2013年4月5日金曜日

自分の音に55年かかってようやくめぐりあえた

今日一日かけて、音楽アルバム「quiet pictures 3」の製作作業がだいぶ進んだ。
数日以内にリリースできるかな。
自分の音を聴きながら、遠いとおい回り道をしてようやくここの、自分の音にたどりついたんだなあと思って、感無量。

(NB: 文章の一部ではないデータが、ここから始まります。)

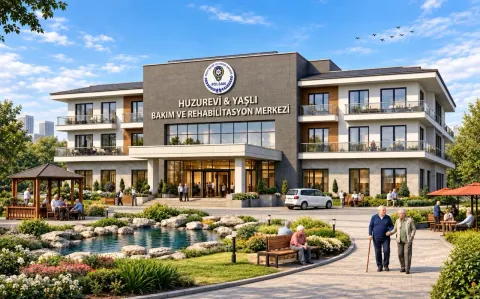 Ankara-Sincan Huzurevi, Yaşlı Bakım ve Rehabilitasyon Merkezi Projesi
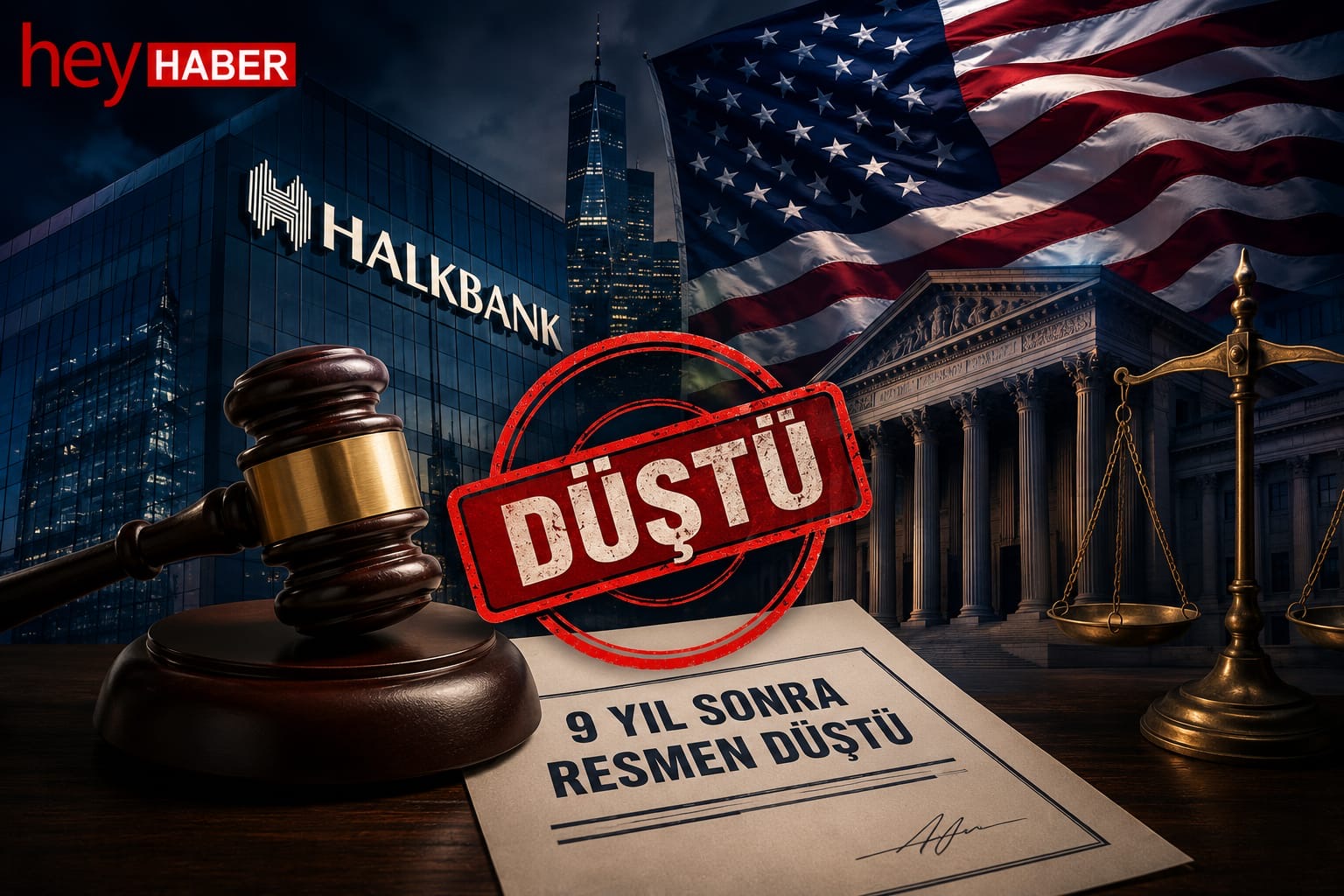ABD’de Halkbank Davası 9 Yıl Sonra Resmen Düştü! görseli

音楽をやる人はなにをめざして音を作っているんだろう。
私の場合は、最初、まず、自分の好きな音、あこがれの演奏家がいた。
ラジオから流れる音を聴いて、かっこいいなあ、しびれるなあ、と思って、レコードを買い、何度も何度も聴いたりした。
自分もそういう演奏ができるようになりたいと思って、試行錯誤しながら練習したりした。
田舎住まいだったので先生はいなかったから、独学だった。

都会(といっても京都)に出て、たくさんのミュージシャンと接し、いろんなスタイルや考え方があり、自分はどうすればいいのかずいぶん迷った。
試行錯誤のなかで、模倣ばかりしていたような気がする。
自分の音がどういうものなのか、まるでわからなかった。

自分の音がどういうものなのかわからないというのは自分でも認めたくなかったけれど、正直いうとずっとそういう状態がつづいていたように思う。
どういうものが自分の音なのかわかるというのは、自分の音がどういうものなのかまったく気にせず演奏できるときだ。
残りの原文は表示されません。